A lot of forums like phpBB are installed via cPanel and may have default passwords and not be secured fully.

If you have a machine in the ISP, which just means renting 1 machine per ISP, then scan the local IP ranges for open MySQL ports... or more nefariously scan for Memcached as that is hardly ever secured.

Then use the default credentials or the credentials stolen from Memcached to access MySQL.

You're dealing with a known set of forum software, probably phpBB, Vanilla, vBulletin and Invision. So you only need to map out a few schema to be able to make sense of hundreds if not thousands of sites.

Forums are slow moving, even the big ones only have a few thousand to low tens of thousand of posts per day... and your rented machine could easily poll for differences and send it back to HQ.

This is all just speculation of course, but it wouldn't surprise me that this is how it was done.

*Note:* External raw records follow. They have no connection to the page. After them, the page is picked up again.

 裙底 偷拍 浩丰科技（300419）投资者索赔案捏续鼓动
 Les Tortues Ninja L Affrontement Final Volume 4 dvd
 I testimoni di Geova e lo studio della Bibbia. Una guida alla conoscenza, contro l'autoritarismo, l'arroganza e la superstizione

You're making some pretty big assumptions there. I don't think there is any evidence that MySQL databases set up via cPanel (or any other control panel) have default passwords or are inherently insecure. If this was the case, we would be seeing websites being hacked left and right, and not just by intelligence services.

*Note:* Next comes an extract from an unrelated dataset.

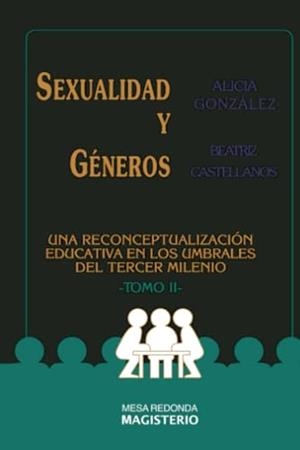 SEXUALIDAD Y GÉNEROS TOMO II | 9789582002534 | GÓNZALEZ, ALICIA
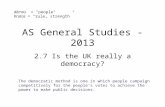 AS General Studies - 2013 2.7 Is the UK really a democracy? dēmos = "people" Kratos = "rule, strength” The democratic method is one in which people campaign.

I didn't feel like my assumptions were that big.

From the original article:

> “They use sweeps to collect data from all users of web forums. The use of these techniques could easily lead to mass surveillance by the government.”

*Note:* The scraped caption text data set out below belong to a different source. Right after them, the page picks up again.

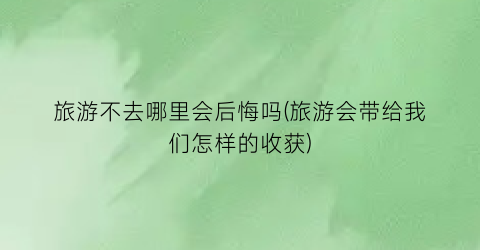 旅游不去哪里会后悔吗(旅游会带给我们怎样的收获)
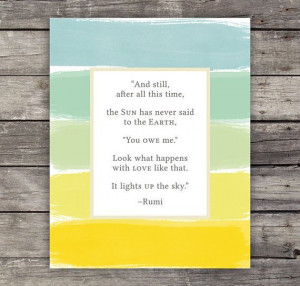 rumi quote print the sun has never said to the earth poetry print rumi ...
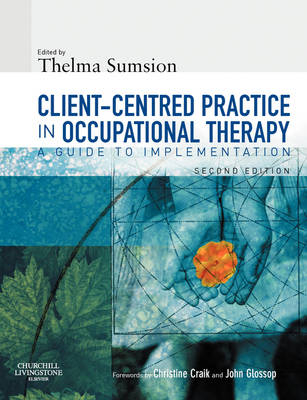 Client-Centered Practice in Occupational Therapy; Thelma Sumsion; 2006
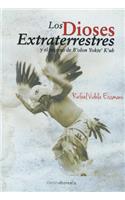 Los Dioses Extraterrestres Y El Regreso de B´olon Yokte´k´uh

Which implies that they are not scanning traffic constantly but are instead performing a sweep across the fora and gathering all data. Which implies querying the databases on a schedule and pulling info as the full dataset nevers exists in the ephemeral traffic.

> “They acquire MySQL databases via CNE access”

Which states that they exploit something on the network to "acquire" the data from MySQL databases.

Those two things together suggest periodic access to the databases.

And given the previous behaviour from accessing networks and hardware without permission of the companies operating on those networks (the Google dark fibre intercept) it isn't too much of a stretch to imagine a similar scenario that could give them access to these databases without asking first.

And the easiest way to get access to a large volume of forums would be to use a common platform as the attack point: A common deployment (cPanel, Plesk, etc) or a common technology that could give up credentials (memcached).

Of course they could use a vulnerability in MySQL, but I bet that's harder work than just trying default passwords or pulling credentials from the unsecured memory cache.